Evaluation Governance and Release Gaps
Evaluation needs ownership, sampling discipline, release gates, and monitoring. A green score without governance is weak evidence.
| Gap | What To Fill | Operational Check |
|---|---|---|
| ML-GAP-073 Eval Dataset Governance | Version evals, owners, allowed use, refresh cadence, and contamination controls. | Record who can edit eval cases and why each case exists. |
| ML-GAP-074 Golden Sets | Maintain high-value cases that must not regress across model, prompt, retrieval, or tool changes. | Block release when critical golden cases fail. |
| ML-GAP-075 Slice-Based Metrics | Break metrics by language, tenant, product, topic, risk class, and input shape. | Review worst slices, not only aggregate scores. |
| ML-GAP-076 Regression Gates | Compare candidate systems against the current production baseline with predefined thresholds. | Require explicit approval for any accepted regression. |
| ML-GAP-077 Human Preference Labeling | Define labeler instructions, disagreement resolution, calibration, and quality audits. | Track labeler agreement and spot-check preference pairs. |
| ML-GAP-078 RLHF vs DPO Boundaries | Know whether the system uses reward modeling, online RL, offline preference optimization, or simple SFT. | Document what objective was optimized and what failure it can introduce. |
| ML-GAP-079 Red Team Taxonomy | Organize adversarial tests by misuse path, policy area, tool risk, data exposure, and prompt-injection class. | Ensure every high-risk taxonomy bucket has cases. |
| ML-GAP-080 Policy Severity Rubric | Convert behavior failures into severity levels with consistent release and incident handling. | Map each eval failure to severity, owner, and required action. |
| ML-GAP-081 Calibration and Abstention | Systems need to know when to answer, abstain, ask for clarification, or escalate. | Measure confidence/error curves and abstention quality. |
| ML-GAP-082 Fairness and Bias Checks | Evaluate harmful disparity, proxy features, representation gaps, and unequal error rates. | Review metrics and examples across protected or sensitive slices where applicable. |
| ML-GAP-083 Online Monitoring | Production data can differ from evals and should be monitored for behavior, safety, latency, and cost. | Track sampled outputs, user feedback, refusal rates, and incident signals. |
| ML-GAP-084 Drift Detection | Detect shifts in inputs, retrieved documents, labels, user goals, and model outputs. | Compare embedding distributions, topic mix, outcome rates, and eval decay over time. |
| ML-GAP-085 Canary Rollout | Release new systems to limited traffic before global promotion. | Monitor canary metrics against baseline and rollback automatically on breach. |
| ML-GAP-086 Incident Feedback Loop | Turn production failures into eval cases, policy updates, data fixes, or tool constraints. | Require every high-severity incident to produce a regression test or documented exception. |
Study Cards
What is alignment in ML systems?
The work of making model behavior match intended objectives, constraints, policies, and user expectations.

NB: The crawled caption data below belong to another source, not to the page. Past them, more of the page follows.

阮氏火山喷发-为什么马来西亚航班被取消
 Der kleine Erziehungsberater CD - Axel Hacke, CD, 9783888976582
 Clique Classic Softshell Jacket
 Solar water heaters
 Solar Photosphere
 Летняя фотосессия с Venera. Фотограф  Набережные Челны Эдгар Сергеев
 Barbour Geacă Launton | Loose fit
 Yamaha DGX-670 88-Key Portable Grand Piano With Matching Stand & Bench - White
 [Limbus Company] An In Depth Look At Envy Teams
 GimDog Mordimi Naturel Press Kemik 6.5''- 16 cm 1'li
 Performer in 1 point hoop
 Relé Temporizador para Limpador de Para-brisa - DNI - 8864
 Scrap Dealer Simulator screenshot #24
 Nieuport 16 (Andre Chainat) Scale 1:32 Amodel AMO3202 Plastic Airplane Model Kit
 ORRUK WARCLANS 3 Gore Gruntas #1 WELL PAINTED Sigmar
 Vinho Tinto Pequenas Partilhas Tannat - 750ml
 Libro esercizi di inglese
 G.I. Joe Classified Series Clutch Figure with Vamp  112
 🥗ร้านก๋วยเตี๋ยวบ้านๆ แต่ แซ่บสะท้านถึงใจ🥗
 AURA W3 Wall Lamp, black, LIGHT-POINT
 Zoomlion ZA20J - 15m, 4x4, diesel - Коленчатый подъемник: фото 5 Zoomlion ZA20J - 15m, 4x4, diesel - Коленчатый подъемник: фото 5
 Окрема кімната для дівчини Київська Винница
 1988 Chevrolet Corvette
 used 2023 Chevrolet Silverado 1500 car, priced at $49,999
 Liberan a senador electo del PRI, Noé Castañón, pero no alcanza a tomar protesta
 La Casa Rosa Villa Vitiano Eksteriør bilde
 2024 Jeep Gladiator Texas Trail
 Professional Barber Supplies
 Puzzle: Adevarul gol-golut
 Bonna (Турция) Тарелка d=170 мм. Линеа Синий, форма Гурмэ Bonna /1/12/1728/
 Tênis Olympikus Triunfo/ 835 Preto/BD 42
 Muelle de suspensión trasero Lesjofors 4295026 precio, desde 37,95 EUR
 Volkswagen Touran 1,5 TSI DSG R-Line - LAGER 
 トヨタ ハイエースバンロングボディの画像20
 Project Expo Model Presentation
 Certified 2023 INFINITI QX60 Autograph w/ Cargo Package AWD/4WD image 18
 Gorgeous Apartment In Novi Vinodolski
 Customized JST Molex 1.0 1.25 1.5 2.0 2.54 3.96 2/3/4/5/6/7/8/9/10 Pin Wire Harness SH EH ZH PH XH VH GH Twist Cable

Why is a regression eval necessary?
A new model, prompt, retrieval setup, or fine-tune can improve one metric while breaking old required behavior.
What does red teaming try to find?
Misuse paths, edge cases, policy failures, unsafe tool calls, and behavior that ordinary evals miss.
Why is online monitoring part of alignment?
Production traffic can differ from eval data, so behavior must be checked after deployment.